Though the snapshot is still in the fs, it is inaccessible because you mount
some subvolume as the root, and you can not find the path to the snapshot.

For example:
There are two subvolumes in the fs, and they are in the root directory of the
fs, just like
        real root directory
         |->subv0
         |->subv1

Then if you mount the subv1 as the root directory, the real root directory of
the fs and subv0 will be shielded,
        +-------------------+
        |real root directory|
        | |->subv0          |
        +-------------------+
          |->subv1
you can only access the files, directories, subvolumes... in the subv1. So the 
tool
will report "can not find ...."

BTW, it is impossible that the previous version of btrfs-progs can work well in
this case.

>>> We'd better use the second approach because it won't bother kernel change.
>>
>> I don't think that the silent mount is the right way to fix it, that way
>> the btrfs tool tooks responsibility not to break anything.  Like the
>> unhandled umount failure below.
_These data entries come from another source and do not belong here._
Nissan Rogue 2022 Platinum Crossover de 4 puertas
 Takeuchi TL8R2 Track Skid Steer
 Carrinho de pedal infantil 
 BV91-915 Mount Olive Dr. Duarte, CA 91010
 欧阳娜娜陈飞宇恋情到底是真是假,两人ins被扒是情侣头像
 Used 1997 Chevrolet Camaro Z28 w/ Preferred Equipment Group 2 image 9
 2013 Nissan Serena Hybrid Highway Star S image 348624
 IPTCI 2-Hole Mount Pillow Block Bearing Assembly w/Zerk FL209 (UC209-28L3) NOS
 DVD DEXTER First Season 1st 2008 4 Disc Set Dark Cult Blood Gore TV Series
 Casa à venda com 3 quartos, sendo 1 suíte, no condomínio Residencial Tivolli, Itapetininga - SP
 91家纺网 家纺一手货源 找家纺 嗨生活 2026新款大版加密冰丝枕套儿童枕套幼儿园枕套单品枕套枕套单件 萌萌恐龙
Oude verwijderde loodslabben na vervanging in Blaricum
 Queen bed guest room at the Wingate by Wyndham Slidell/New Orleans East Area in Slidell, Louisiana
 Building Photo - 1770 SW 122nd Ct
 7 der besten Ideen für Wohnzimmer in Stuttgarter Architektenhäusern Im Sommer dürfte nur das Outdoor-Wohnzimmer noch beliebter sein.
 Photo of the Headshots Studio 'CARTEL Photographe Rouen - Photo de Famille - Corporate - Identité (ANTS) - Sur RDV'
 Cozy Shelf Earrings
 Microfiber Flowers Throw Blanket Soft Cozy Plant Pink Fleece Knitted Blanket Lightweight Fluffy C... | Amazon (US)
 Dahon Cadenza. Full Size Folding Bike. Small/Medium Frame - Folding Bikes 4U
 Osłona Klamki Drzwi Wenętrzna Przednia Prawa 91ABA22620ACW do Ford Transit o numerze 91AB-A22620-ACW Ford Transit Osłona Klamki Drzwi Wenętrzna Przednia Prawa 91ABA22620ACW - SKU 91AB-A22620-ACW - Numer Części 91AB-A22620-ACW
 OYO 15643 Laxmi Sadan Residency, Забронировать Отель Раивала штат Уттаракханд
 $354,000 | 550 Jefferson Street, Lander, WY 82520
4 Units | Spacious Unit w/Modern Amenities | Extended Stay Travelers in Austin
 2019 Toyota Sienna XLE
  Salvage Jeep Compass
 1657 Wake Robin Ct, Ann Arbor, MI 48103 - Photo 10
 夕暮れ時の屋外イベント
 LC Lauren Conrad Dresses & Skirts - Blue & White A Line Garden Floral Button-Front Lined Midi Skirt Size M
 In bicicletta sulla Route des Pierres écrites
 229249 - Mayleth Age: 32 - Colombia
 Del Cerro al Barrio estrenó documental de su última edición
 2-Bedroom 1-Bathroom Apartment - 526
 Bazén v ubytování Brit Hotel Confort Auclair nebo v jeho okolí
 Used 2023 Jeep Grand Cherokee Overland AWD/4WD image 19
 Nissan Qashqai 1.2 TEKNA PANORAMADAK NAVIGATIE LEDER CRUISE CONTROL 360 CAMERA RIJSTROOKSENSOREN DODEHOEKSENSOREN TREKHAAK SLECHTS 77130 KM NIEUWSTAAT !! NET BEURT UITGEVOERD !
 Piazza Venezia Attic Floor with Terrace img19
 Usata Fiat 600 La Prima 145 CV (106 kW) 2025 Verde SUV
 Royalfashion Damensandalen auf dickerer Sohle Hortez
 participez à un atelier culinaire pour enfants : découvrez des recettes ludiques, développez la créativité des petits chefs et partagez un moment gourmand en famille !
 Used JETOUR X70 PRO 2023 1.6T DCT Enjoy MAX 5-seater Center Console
I think admins and power users do not
>> like to see some random tool mess with the system like this.
>>
>>> @@ -199,6 +200,10 @@ static int process_snapshot(const char *path,
>>> const u8 *uuid, u64 ctransid,
>>>     char uuid_str[BTRFS_UUID_UNPARSED_SIZE];
>>>     struct btrfs_ioctl_vol_args_v2 args_v2;
>>>     struct subvol_info *parent_subvol = NULL;
>>> +   char *dev = NULL;
>>> +   char tmp_name[15] = "btrfs-XXXXXX";
>>> +   char tmp_dir[30] = "/tmp";
>>
>> Mounting valuable data under /tmp is dangerous, what if some /tmp
>> cleaner starts to remove old files. I've seen that happen in practice.
> 
> Agreed.  If you _were_ to continue to implement it like this, you should
> include code to respect the TMPDIR envvar at the very least.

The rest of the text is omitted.